Alain Gomis torna a a Berlino a cinque anni di distanza da Aujourd’hui e proprio rispetto a quel film, si lascia alle spalle gli aspetti più artificiosi preservando la relazione tra immagine e musica, già esplorata nei suoi primi lavori. Félicité conserva quindi l’energia performativa di Aujourd’hui senza ricorrere alle stesse strategie simboliche e privilegiando la forma minima del racconto.
Véro Tshanda Beya Mputu interpreta una giovane cantante attiva nella Repubblica Democratica del Congo, forte e autonoma si guadagna da vivere con la musica attraverso la quale cerca di ottenere un’identità sociale precisa.
Gomis ci introduce da subito nell’ambito di uno dei suoi concerti, piccole realtà dove si concentra uno spaccato della società congolese e che consentono al regista franco-senegalese di raccontarci in forma efficace e diretta alcune dinamiche sociali.
La musica, affidata in buona parte al collettivo Kasai Allstars, combo congolese sotto contratto con la belga Crammed discs, serve a Gomis come propellente narrativo in quella misura dilatata che dissolve la struttura del racconto nella ripetizione del ritmo. La modalità non è molto diversa dal primo cinema di Abdellatif Kechiche, dove la libertà performativa si sostituisce agli snodi narrativi, consentendoci di costruire il racconto mediante coordinate ritmiche, anche interne all’immagine stessa.
Felicité é sicuramente un interessante lavoro documentale sui suoni e sulla musica congolese e allo stesso tempo riesce ad approfondire la storia di alcuni personaggi attraverso una serie di stazioni narrative che hanno il compito di raccontare il paese. Il difficile accesso al sistema sanitario, il ruolo delle donne, il divario economico tra due strati della popolazione, la complessa situazione di una cittá come Kinshasa di cui Gomis non mostra il volto piú violento se non in alcuni passaggi marginali, confinandone lo spirito proprio nei numeri musicali, dove le feste all’interno delle baraccopoli lontane dal centro esplodono e la birra scorre a fiumi.

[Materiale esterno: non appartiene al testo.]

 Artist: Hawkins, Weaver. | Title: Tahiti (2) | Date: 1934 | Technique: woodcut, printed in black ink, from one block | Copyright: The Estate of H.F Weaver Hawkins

La lotta di Felicité contro la cittá per cercare di offire al figlio un’assistenza sanitaria decente dopo un gravissimo incidente, é il tentativo impossibile di dialogare con il contesto urbano, un fallimento che si riverbera anche negli eventi minimi, la cui ripetizione assolve una doppia funzione, quella di una linea narrativa che si inceppa, mentre si apre un percorso piú squisitamente musicale.
Al centro di questa dimensione causale dove tutto sembra ripetersi come se la percezione fosse quella di un sonnambulo, Gomis introduce due elementi strettamente collegati. Dallo stato onirico di Felicité emerge quello di Tabú, l’uomo che si ubriaca durante le sue esibizioni e che fallisce sempre nel tentativo di ripararle il frigorifero.
Tabú, come Felicité non riesce ad uscire dalla ripetizione delle sue attitudini piú distruttive e allo stesso tempo vitalissime. É l’unico che guarda Felicité nella sua dimensione musicale, traendone un’ispirazione di vita che in qualche modo trasmetterá al figlio invalido della donna.
Gomis individua quindi un interstizio possibile proprio in quella zona grigia dove si viene rifiutati dal contesto sociale. Felicité e Tabú sono due outsider, vivono ai margini e scelgono la possessione per attraversare la realtá chiusa e compressa delle baraccopoli. Entrambi infatti osservano l’umanitá che li circonda diversamente da tutti gli altri, interpretando a modo loro un suono e un ritmo che é quello sotteso dalla vita stessa.
Gomis non giudica, li segue da vicino, ma con uno sguardo che non valuta la sostanza di una scelta. A interessarlo é l’intensitá, i suoni e i colori di una cittá che prendono vita dai corpi dei suoi abitanti.